Molecular Correlates of Venous Thromboembolism (VTE) in Ovarian Cancer

Abstract

Background: The incidence of venous thromboembolism (VTE) in patients with ovarian cancer is higher than most solid tumors, ranging between 10-30%, and a diagnosis of VTE in this patient population is associated with worse oncologic outcomes. The tumor-specific molecular factors that may lead to the development of VTE are not well understood.

Objectives: The aim of this study was to identify molecular features present in ovarian tumors of patients with VTE compared to those without.

Methods: We performed a multiplatform omics analysis incorporating RNA and DNA sequencing, quantitative proteomics, as well as immune cell profiling of high-grade serous ovarian carcinoma (HGSC) samples from a cohort of 32 patients with or without VTE.

Results: Pathway analyses revealed upregulation of both inflammatory and coagulation pathways in the VTE group. While DNA whole-exome sequencing failed to identify significant coding alterations between the groups, the results of an integrated proteomic and RNA sequencing analysis indicated that there is a relationship between VTE and the expression of platelet-derived growth factor subunit B (PDGFB) and extracellular proteins in tumor cells, namely collagens, that are correlated with the formation of thrombosis.
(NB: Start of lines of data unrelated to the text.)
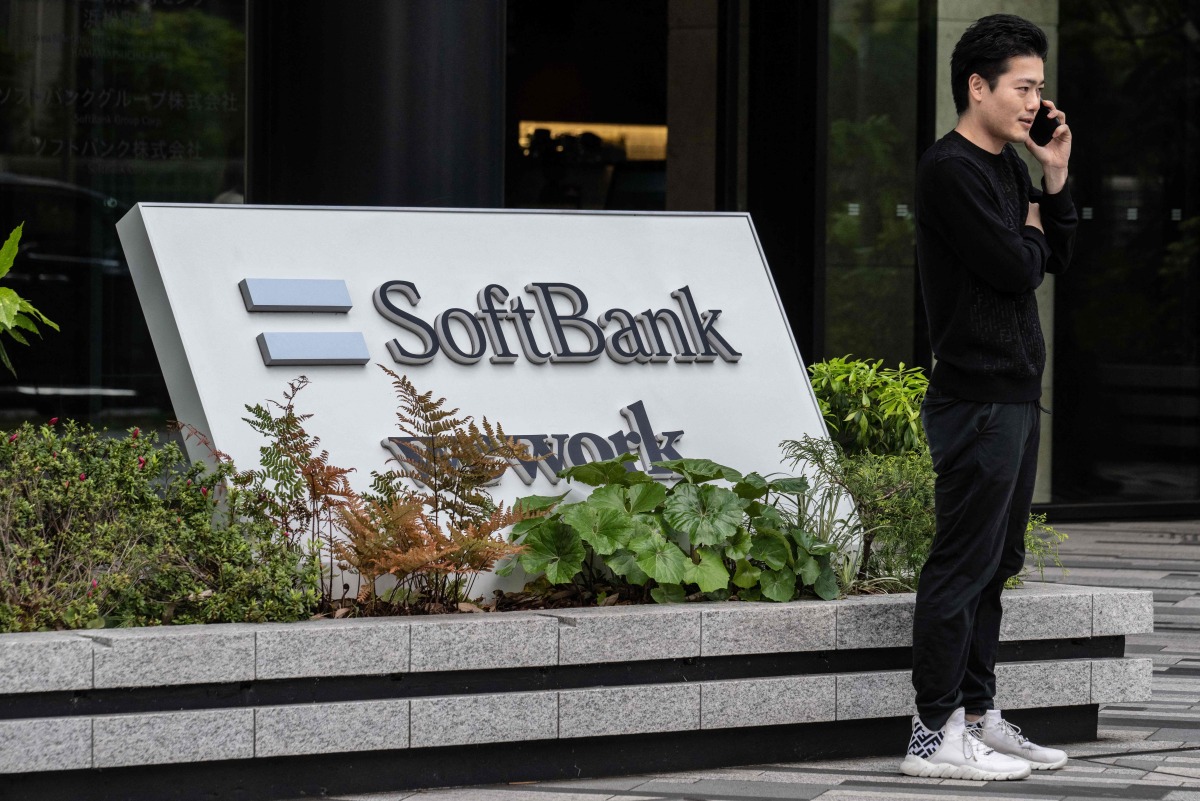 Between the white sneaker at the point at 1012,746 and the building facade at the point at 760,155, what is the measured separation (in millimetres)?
6631

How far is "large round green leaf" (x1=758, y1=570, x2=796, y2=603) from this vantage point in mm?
5086

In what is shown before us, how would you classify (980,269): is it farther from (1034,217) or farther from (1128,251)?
(1128,251)

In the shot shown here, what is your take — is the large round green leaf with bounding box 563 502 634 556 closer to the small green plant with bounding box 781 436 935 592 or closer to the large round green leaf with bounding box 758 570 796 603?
the large round green leaf with bounding box 758 570 796 603

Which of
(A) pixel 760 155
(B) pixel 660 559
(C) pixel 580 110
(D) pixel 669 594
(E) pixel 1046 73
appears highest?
(E) pixel 1046 73

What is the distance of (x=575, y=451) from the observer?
5613mm

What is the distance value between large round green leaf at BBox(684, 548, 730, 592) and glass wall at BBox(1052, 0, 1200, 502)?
785cm

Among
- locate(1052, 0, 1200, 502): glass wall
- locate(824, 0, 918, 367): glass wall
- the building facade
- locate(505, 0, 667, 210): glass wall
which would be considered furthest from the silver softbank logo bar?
locate(1052, 0, 1200, 502): glass wall

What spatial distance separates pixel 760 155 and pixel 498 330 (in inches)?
256

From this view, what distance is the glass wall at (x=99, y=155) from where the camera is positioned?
10.8 meters

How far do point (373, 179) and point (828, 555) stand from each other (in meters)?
2.72

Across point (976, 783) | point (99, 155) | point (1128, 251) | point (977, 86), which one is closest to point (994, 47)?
point (977, 86)

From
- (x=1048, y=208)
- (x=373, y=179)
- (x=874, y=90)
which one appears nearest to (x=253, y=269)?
(x=373, y=179)

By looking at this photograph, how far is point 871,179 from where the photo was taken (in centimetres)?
1168

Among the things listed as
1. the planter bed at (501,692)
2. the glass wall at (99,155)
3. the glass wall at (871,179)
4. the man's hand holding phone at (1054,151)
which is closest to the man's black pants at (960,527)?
the planter bed at (501,692) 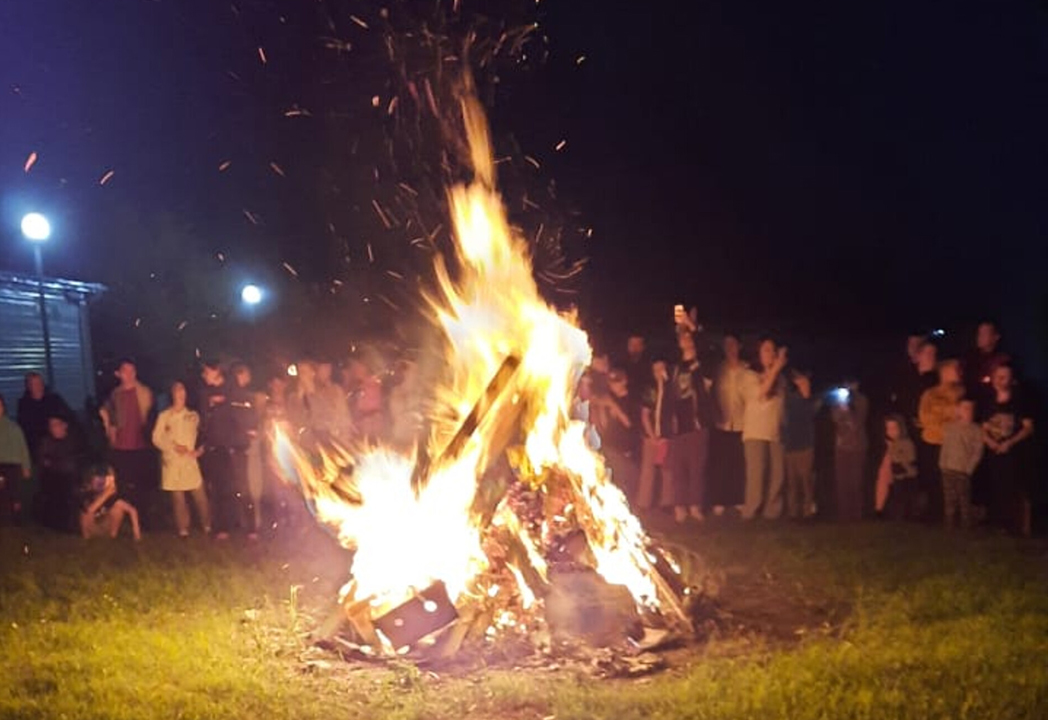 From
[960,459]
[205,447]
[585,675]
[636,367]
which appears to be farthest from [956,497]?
[205,447]

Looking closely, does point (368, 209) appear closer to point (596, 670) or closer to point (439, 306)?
point (439, 306)

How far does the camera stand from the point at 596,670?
605 cm

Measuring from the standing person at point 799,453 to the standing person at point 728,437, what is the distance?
1.58 feet

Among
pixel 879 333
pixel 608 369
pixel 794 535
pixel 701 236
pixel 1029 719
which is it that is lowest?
pixel 1029 719

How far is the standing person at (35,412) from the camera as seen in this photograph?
1233 cm

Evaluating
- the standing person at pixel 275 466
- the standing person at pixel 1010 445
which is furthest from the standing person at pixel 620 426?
the standing person at pixel 1010 445

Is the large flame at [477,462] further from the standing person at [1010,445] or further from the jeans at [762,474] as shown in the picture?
the standing person at [1010,445]

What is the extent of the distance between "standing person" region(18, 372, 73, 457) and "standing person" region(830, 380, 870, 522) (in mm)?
8662

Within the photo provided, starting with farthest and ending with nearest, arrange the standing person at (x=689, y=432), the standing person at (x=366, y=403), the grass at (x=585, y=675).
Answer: the standing person at (x=366, y=403) → the standing person at (x=689, y=432) → the grass at (x=585, y=675)

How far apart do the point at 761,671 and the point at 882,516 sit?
191 inches

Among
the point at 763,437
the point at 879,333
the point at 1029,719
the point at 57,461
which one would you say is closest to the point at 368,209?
the point at 879,333

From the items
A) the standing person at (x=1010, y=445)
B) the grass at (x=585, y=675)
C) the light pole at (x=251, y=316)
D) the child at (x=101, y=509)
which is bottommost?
the grass at (x=585, y=675)

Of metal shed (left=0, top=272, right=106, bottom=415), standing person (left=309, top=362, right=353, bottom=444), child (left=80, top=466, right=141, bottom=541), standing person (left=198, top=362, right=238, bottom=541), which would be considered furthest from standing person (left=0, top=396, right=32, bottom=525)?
metal shed (left=0, top=272, right=106, bottom=415)

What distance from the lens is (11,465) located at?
11.5 m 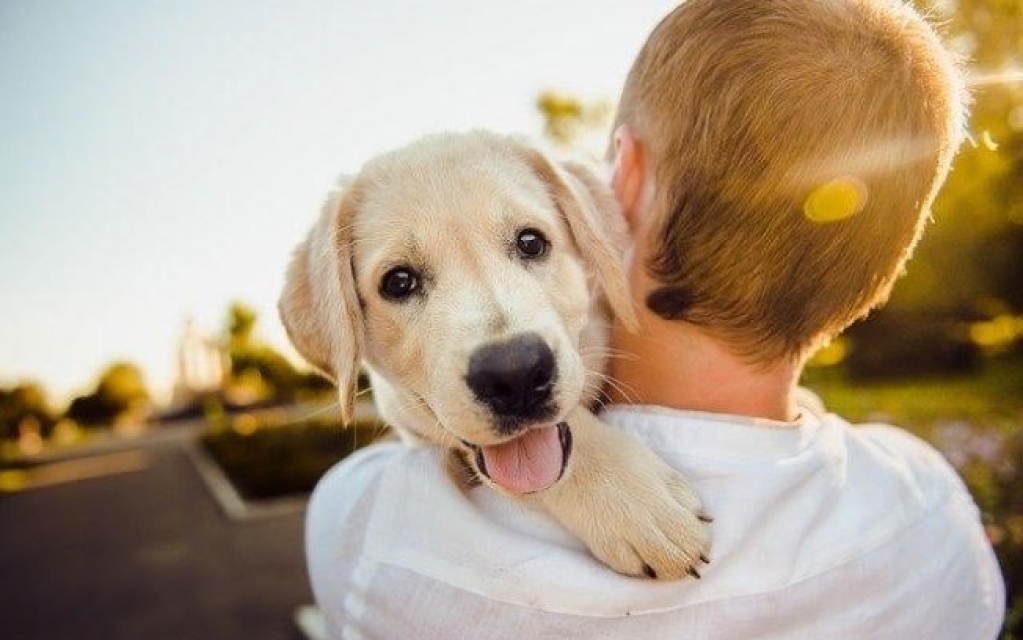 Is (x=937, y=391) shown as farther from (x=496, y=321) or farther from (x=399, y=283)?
(x=496, y=321)

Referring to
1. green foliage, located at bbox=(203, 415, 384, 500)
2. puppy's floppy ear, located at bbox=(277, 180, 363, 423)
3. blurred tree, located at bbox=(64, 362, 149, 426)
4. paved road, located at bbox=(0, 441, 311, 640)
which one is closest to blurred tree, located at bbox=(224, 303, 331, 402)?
blurred tree, located at bbox=(64, 362, 149, 426)

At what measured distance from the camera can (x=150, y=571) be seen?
12852mm

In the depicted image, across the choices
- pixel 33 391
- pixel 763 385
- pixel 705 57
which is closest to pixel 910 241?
pixel 763 385

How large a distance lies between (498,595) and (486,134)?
1842 millimetres

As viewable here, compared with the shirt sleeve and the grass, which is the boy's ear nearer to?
the shirt sleeve

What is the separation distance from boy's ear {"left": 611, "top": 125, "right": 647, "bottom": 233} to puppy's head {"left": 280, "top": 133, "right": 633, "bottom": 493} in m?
0.11

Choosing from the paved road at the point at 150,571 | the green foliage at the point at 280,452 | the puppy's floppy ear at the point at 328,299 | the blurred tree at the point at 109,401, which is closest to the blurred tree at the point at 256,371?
the blurred tree at the point at 109,401

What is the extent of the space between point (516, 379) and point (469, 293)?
44 centimetres

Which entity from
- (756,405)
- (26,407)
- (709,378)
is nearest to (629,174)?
(709,378)

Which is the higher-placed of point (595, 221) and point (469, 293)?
point (595, 221)

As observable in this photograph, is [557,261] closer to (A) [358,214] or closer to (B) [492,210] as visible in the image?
(B) [492,210]

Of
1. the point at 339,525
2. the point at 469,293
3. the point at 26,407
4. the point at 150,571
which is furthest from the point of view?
the point at 26,407

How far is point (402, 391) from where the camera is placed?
3020 mm

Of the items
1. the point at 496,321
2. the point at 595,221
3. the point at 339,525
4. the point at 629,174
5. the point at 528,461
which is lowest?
the point at 339,525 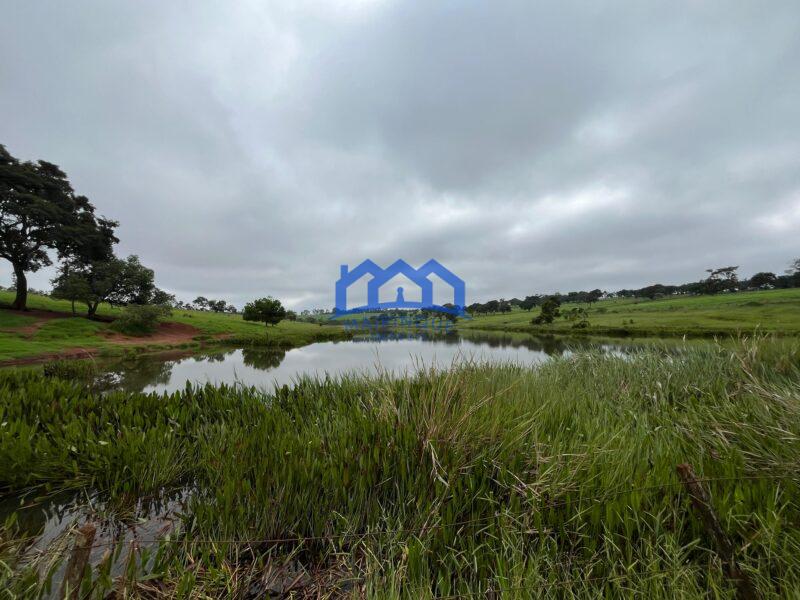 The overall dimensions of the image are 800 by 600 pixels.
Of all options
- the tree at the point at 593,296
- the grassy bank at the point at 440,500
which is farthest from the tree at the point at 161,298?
the tree at the point at 593,296

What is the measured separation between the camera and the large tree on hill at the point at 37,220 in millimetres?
29578

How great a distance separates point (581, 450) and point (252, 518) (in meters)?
3.45

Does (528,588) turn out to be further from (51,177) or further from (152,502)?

Conclusions: In this comprehensive analysis of HGSC tumor tissues from patients with and without VTE, we identified markers unique to the VTE group that could contribute to development of thrombosis. Our findings provide additional insights into the molecular alterations underlying the development of VTE in ovarian cancer patients and invite further investigation into potential predictive biomarkers of VTE in ovarian cancer.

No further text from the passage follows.